RFR(s): 8065895: Synchronous signals during error reporting may terminate or hang VM process
thomas.stuefe at gmail.com
Wed Feb 4 10:15:53 UTC 2015
Great, thank you!
@David: Do you still need something from me to sponsor the change?
Kind Regards, Thaoms
On Tue, Feb 3, 2015 at 10:15 PM, Gerard Ziemski <gerard.ziemski at oracle.com>
> Looks good! Thank you for a great fix!
> On 2/3/2015 10:40 AM, Thomas Stüfe wrote:
> Hi Gerard,
> thank you for your feedback! See here my new change:
> On Mon, Feb 2, 2015 at 4:19 PM, Gerard Ziemski <gerard.ziemski at oracle.com
> > wrote:
>> hi Thomas,
>> On 2/1/2015 9:56 AM, Thomas Stüfe wrote:
>> On Fri, Jan 30, 2015 at 11:23 PM, Gerard Ziemski <
>> gerard.ziemski at oracle.com> wrote:
>>> hi Thomas,
>>> #1 The following comment in vmError_bsd.cpp, vmError_linux.cpp and
>>> vmError_solaris.cpp is now outdated and should be updated from:
>>> // handle all synchronous program error signals which may happen during
>>> // reporting. They must be unblocked, caught, handled.

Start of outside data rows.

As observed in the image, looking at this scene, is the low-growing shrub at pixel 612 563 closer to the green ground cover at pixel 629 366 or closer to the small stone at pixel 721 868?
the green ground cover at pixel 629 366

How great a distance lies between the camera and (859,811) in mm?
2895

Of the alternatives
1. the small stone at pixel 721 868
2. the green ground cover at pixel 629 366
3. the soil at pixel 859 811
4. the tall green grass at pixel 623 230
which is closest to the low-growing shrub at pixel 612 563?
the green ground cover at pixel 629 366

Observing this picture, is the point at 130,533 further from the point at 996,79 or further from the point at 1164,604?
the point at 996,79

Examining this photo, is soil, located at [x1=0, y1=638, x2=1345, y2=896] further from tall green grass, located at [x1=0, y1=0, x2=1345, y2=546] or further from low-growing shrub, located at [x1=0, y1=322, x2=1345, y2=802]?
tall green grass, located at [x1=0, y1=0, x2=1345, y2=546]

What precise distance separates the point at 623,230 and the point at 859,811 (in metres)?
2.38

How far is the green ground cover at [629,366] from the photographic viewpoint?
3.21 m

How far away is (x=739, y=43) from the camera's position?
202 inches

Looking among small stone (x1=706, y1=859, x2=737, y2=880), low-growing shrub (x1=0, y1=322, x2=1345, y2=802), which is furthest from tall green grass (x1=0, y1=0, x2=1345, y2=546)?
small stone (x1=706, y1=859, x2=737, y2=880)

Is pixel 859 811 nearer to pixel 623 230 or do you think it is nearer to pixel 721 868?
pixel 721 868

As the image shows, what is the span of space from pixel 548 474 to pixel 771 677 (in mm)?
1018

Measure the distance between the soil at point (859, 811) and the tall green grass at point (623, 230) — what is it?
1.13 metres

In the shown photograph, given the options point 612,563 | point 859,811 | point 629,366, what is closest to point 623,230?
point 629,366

>>> // Note that in hotspot signal handlers are installed with a fully filled
>>> // signal mask, i.e. upon delivery all signals - also synchronous error
>>> // - are blocked. For synchronous error signals this is deadly - program
>>> // hang or be terminated immediately if secondary errors happen during
>>> // reporting.
>>> to the comment from vmError_aix.cpp:
>>> // Handle all synchronous signals which may happen during signal
>>> // not just SIGSEGV and SIGBUS.
>> I am not sure I understand: the problem is that signal handlers are
>> installed in the hotspot with sa_mask completely set, so all signals are
>> blocked. See e.g. os_linux.cpp, line 4304++
>> (os::Linux::set_signal_handler()). So the comment appears to be correct.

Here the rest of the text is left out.